The central bank's nine-strong monetary policy committee "voted unanimously to maintain bank rate at 0.5 percent", it said in a statement, but warned that borrowing costs could rise sooner than expected "in order to return inflation suitably to target".

"Monetary Policy would need to be tightened somewhat earlier and by a somewhat greater degree over the forecast period than anticipated," it added.

In reaction, the pound surged against the euro and dollar on the prospect of a potential rate hike as soon as May, according to analysts, and further rises thereafter.

Global stock markets have meanwhile tanked this week on fears that the US Federal Reserve would also ramp up interest rates more quickly than expected following bright jobs data.

- End of cheap money -

"Monetary policy for major central banks are slowly but surely moving towards normalisation," NFS Micro analyst Nick Stamenkovic told AFP.

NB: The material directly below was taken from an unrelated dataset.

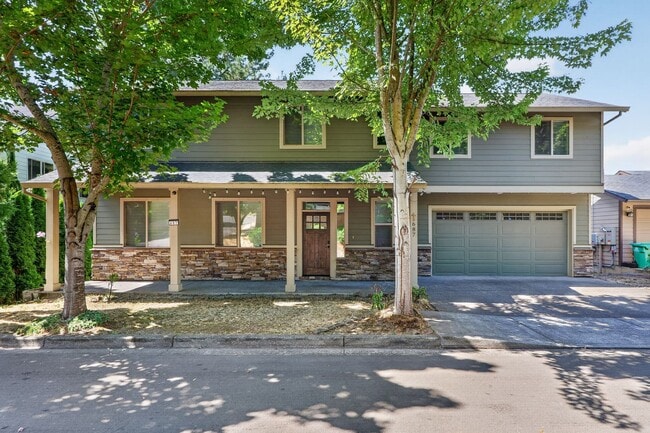 Building Photo - 687 SE Anderson Ln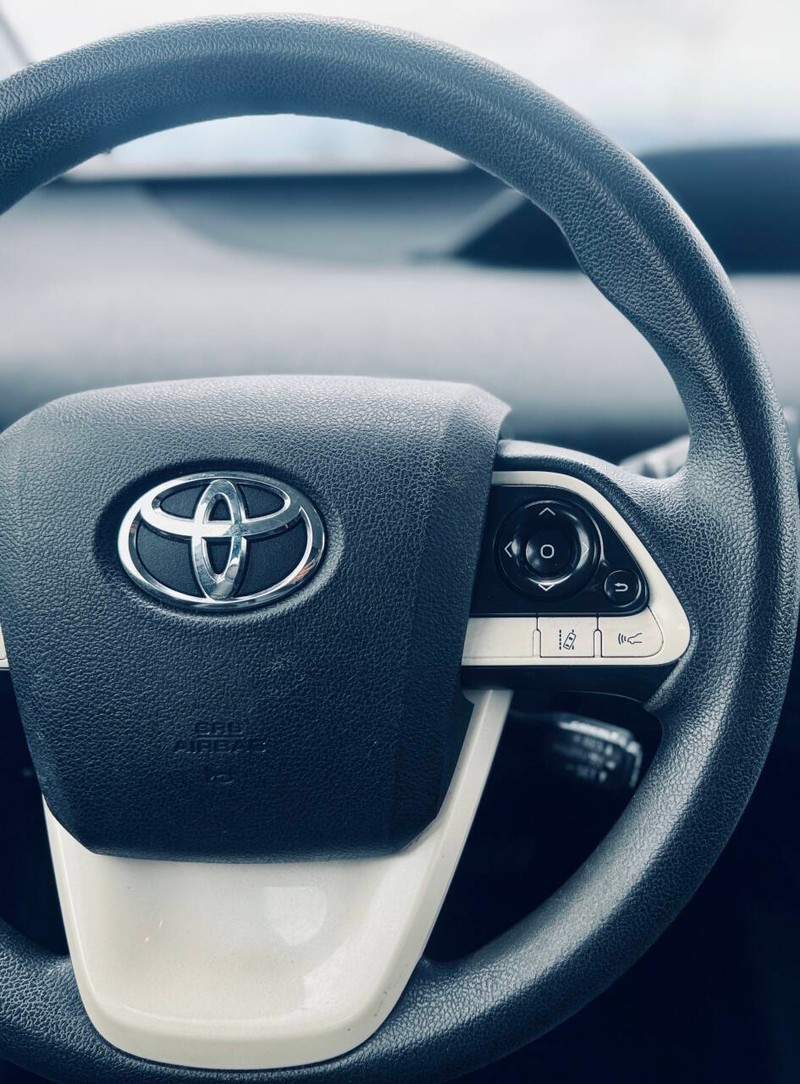 Toyota Prius Vehicle Full-screen Gallery Image 16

"The Federal Reserve is leading the way followed by the Bank of England and European Central Bank. The Bank of Japan is the odd man out but that may change later this year.

"Investors are recognising that the liquidity support for global equity markets is starting to be removed -- but talk of a bear market is premature."

The BoE added Thursday in its latest quarterly forecasts that British gross domestic product (GDP) was expected to grow by 1.8 percent this year. That was up from the 1.6 percent given in November.

The economy was then expected to expand by 1.8 percent again in 2019, when Britain is due to depart from the European Union. That was upgraded from previous guidance of 1.7 percent.

"The global economy is growing at its fastest pace in seven years," the BoE noted.

"The expansion is becoming increasingly broad-based and investment driven. Notwithstanding recent volatility in financial markets, global financial conditions remain supportive.

"UK net trade is benefiting from robust global demand and the past depreciation of sterling."

The BoE forecast Britain's annual inflation rate to hit 2.4 percent this year before slowing to 2.2 percent next year.

The bank's chief task is to keep inflation close to a target of 2.0 percent, while the current annual rate stands at 3.1 percent.

- 'Brexit will twist and turn' -

Governor Mark Carney said the bank would closely monitor the British government's ongoing Brexit negotiations.

"There will be ups and downs in financial markets, and the Brexit process will twist and turn before it is concluded," Carney told reporters, stressing any rate rises would be gradual and limited.

"Whatever happens, the committee will monitor developments closely and respond appropriately to ensure that inflation returns sustainably to the 2.0-percent target."

The pound had tumbled after Britain's shock Brexit referendum in June 2016, but this has served to make British exports cheaper for foreign customers using stronger currencies. In turn, that stimulated economic activity.

In recent times however, sterling has built up some strong gains against the dollar.

Also on Thursday, the central bank maintained the level of its quantitative easing (QE), or stimulus cash, pumping around the economy at £445 billion ($620 billion, 502 billion euros).

Price rises accelerated across the UK during 2017 after Britain's referendum vote in favour of leaving the EU pushed down on the pound, hiking the cost of imported goods.

Consequently, the BoE raised its main interest rate in November for the first time in a decade -- to 0.5 percent from a record-low 0.25 percent.